BlueWater Chamber Orchestra: Honoring Cleveland's Culture

Corigliano: Voyages for Strings
Weber: Concertino for Clarinet and Orchestra, Op. 26 (Amitai Vardi, clarinet)
Beethoven: Romance No 2 for Violin and Orchestra. Op. 50 (Jieming Tang, violin)
Mendelssohn: Symphony No. 4 (Italian), Op. 90
Davies: An Orknet Wedding, with Sunrise, J. 264
Carlton R. Woods, conductor.
At the Plymouth Church UCC, Shaker Heights.

I'm finally home in Cleveland for a bit (no travel "on the books" until January, thankfully) and feeling a little lacking in the Music department. Tonight, Rachel and I took the short jaunt to the Plymouth Church in Shaker Heights for a fun program full of variety and quality musicianship from the BlueWater Chamber Orchestra.

This was our second time hearing the orchestra and the different "feelings" between the two venues was a bit striking -- while the Breen Center is more modern and a bit more comfortable, Plymouth Church has the advantage of a less formal feeling, specifically a less harsh division between orchestra and audience.

The program was a delightful "musical sampler" of sorts featuring works that span vast spaces both in time and structure, making it easy to like and hard to get bored.

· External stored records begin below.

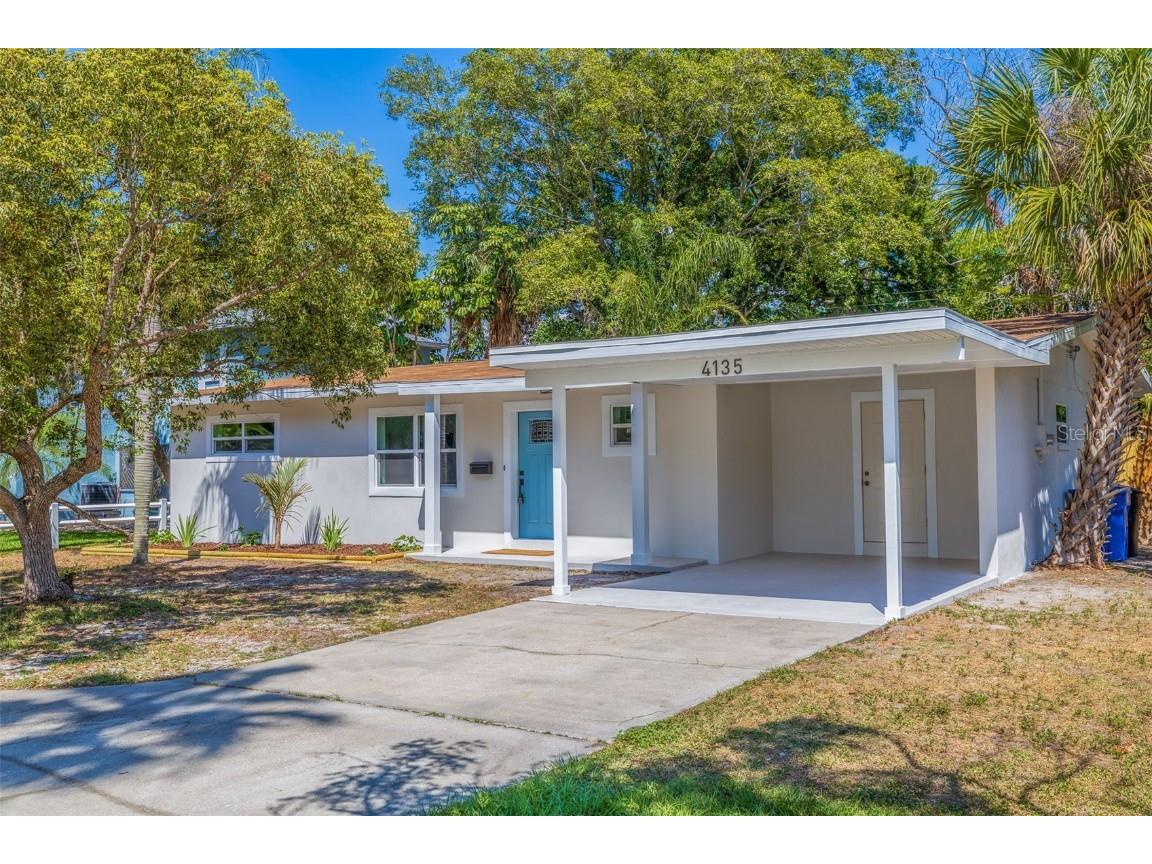 4135 Shore Acres Boulevard NE Saint Petersburg FL 33703 U8196476 image1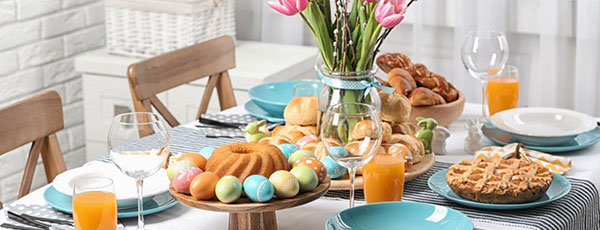 Roślinne dekoracje na stół wielkanocny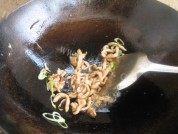 健康的黑木耳炒腐竹做法图解5)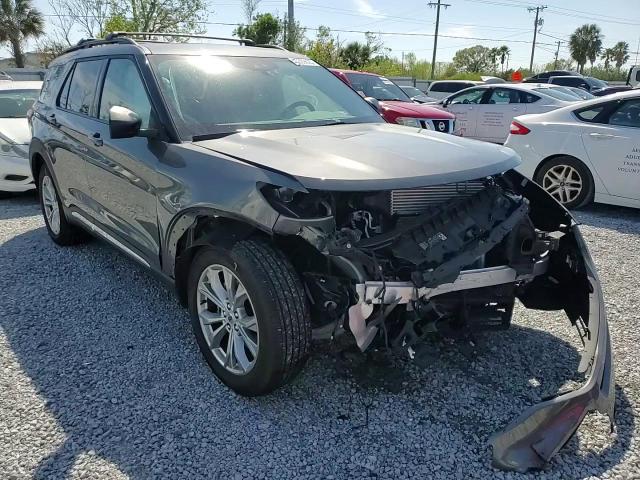 2023 Ford Explorer - Image 11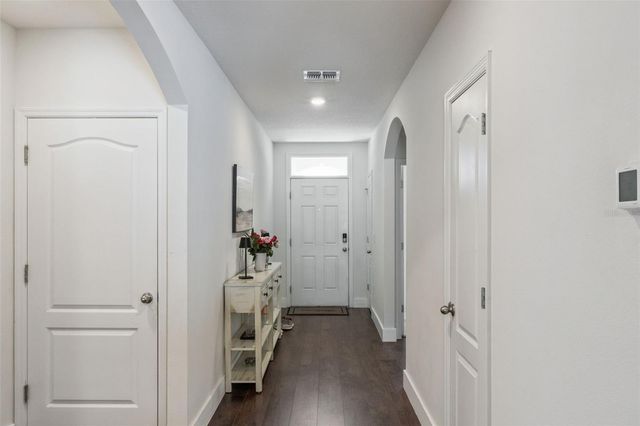 5946 CHURCHILL SQ WAY, Groveland, FL 34736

Opening the program, Voyages for Strings presented a relaxed bit of travel -- no drama of a trip gone awry, but rather the serenity of an airplane in cruise or a train en route where everything is going as it should. Next up, the Concertino for Clarinet and Orchestra was restrained at introduction but broke free to a lively midsection with lively and engaging playing by soloist Anitai Vardi.

One beautifully flowing piece lead to another -- featuring a slightly younger but no less talented soloist in Jieming Tang, a currently sophomore. Mr. Tang and the orchestra gently embraced before taking each other on a slow dance.

Mendelssohn's Italian symphony was played with particular clarity, and the longest piece of the evening -- the first and fourth movements were the fastest -- the first being insistent with a hint of bickering, and the fourth with a sense of running after a burst of energy. While the second (more reserved) and the third movements were slower, the momentum of the piece was preserved avoiding the sense of "hitting the emergency brakes" that slower movements can sometimes give when following a faster movement.

The last piece of the evening was certainly the most fun and unique -- following a Scottish wedding with such movements as "Guests arriving out of violent weather", and "Increasingly inebriated dance" -- and also the first I can remember to feature bagpipes (with Mr. Jeff Sandlin filling that need quite well) -- it was toe tapping and cheery music. The only objection was the (intentionally) out of tune playing as the "drinking" progressed -- it was clear some of the musicians appeared to be physically pained by being forced out of tune -- but such is the necessity of the piece.

The next BlueWater Chamber Orchestra concert, "Lake Winds Bring Spring Strings" will be presented at the Plymouth Church on March 1st at 7pm.